§ **Required work**
After finding "Dancing Skeletons 20oz" in the material below, output its line and every line after it through the last, exactly, but not the pictures.

§ **Material provided**
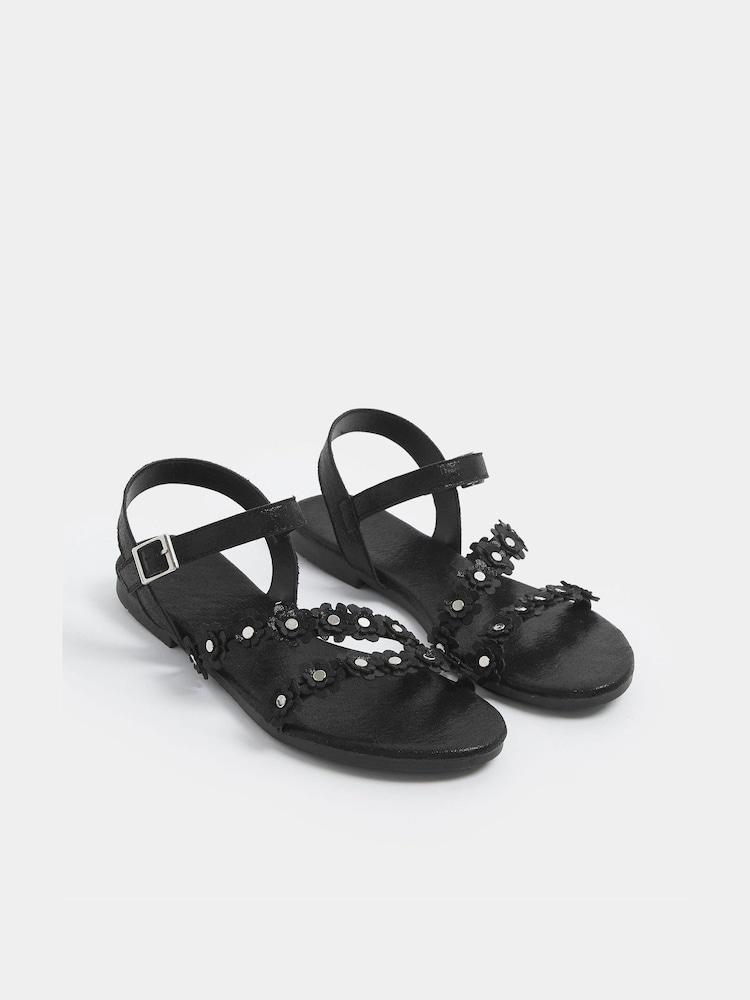 Yours Curve Black Extra Wide Fit Ditsy Floral Sandals - Image 1 of 4 Yours Curve Black Extra Wide Fit Ditsy Floral Sandals - Image 1 of 4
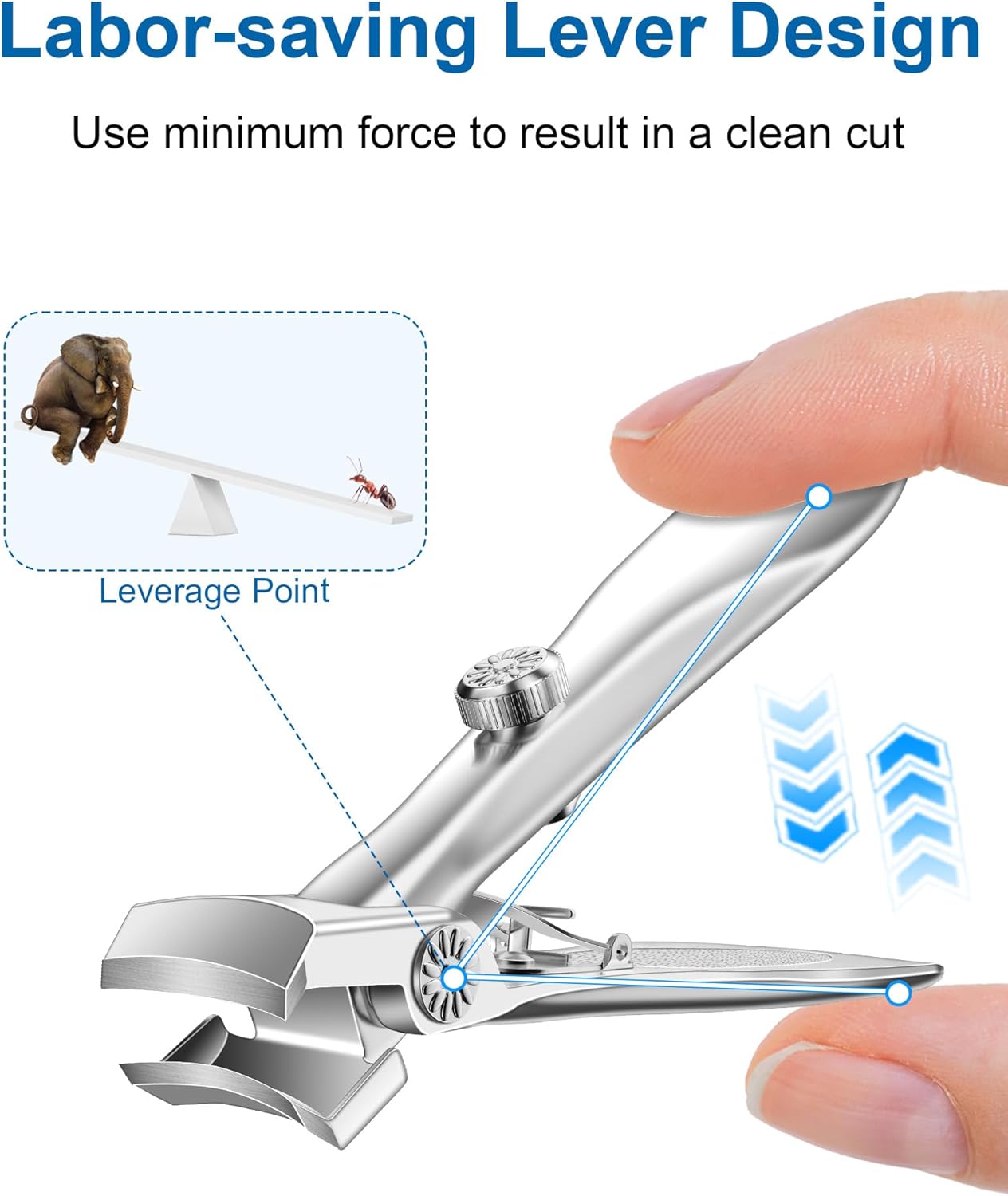 Nail Clippers for Men Thick Nails - Heavy Duty Large 17MM Wide Mouth Fingernail and Toenail Clippers with Catcher for Seniors & Adults (Silver)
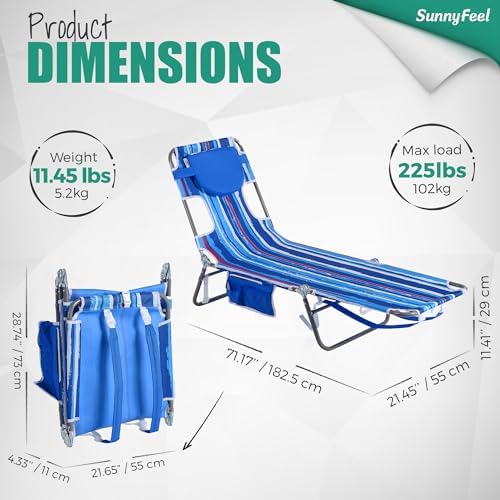 SunnyFeel Beach Lounge Chair, Backpack Reclining Beach Chairs Lay Flat, Face Down Tanning Chair, Folding Camping Chairs Portable Camp Cot with Backpack Straps for Outdoor/Picnic/Lawn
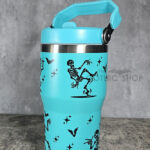 Dancing Skeletons 20oz Gothic Turquoise Travel Tumbler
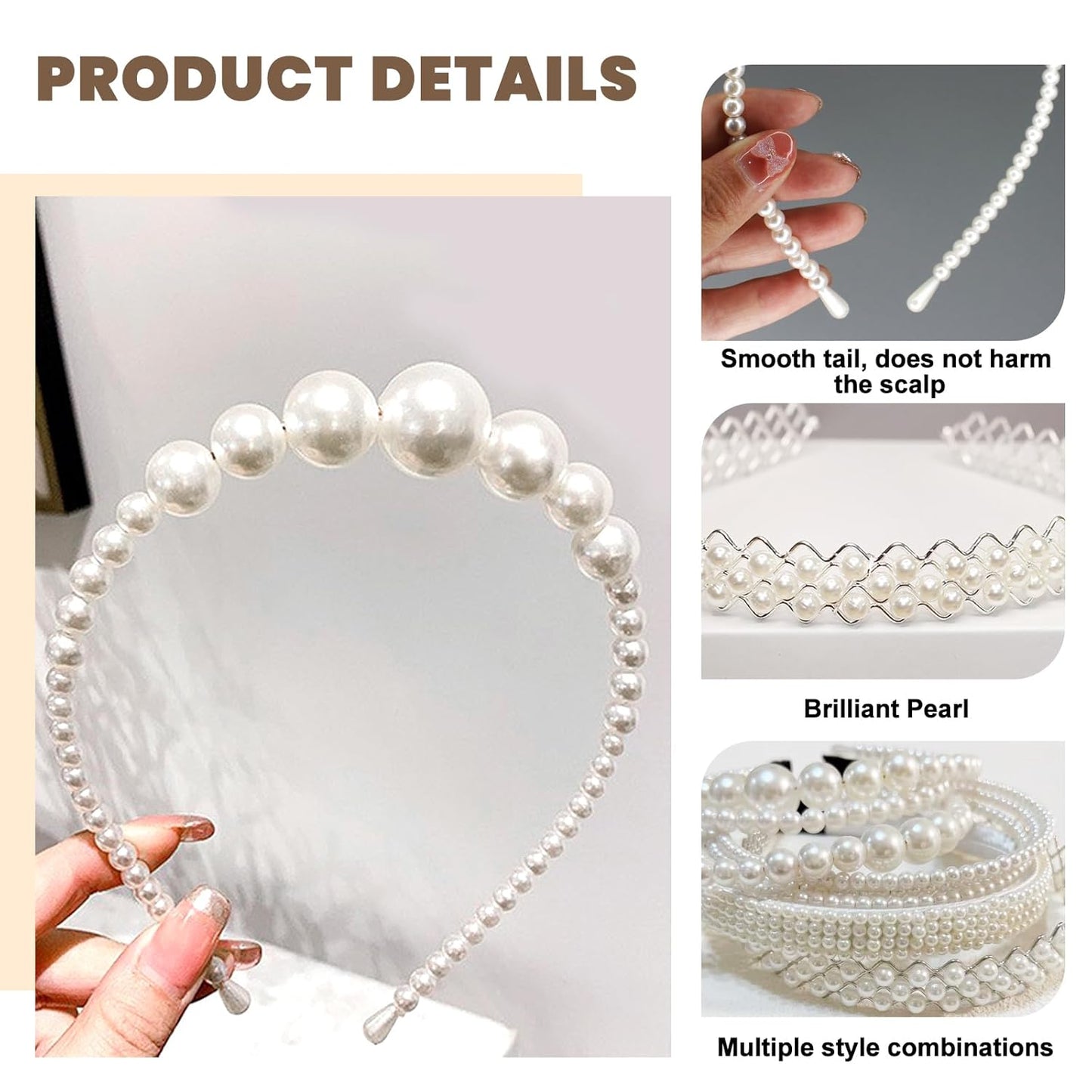6Pcs White Pearl Headbands for Women | Dainty Bling Hairbands for Weddings & Events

§ **Solved problem**
 Dancing Skeletons 20oz Gothic Turquoise Travel Tumbler
6Pcs White Pearl Headbands for Women | Dainty Bling Hairbands for Weddings & Events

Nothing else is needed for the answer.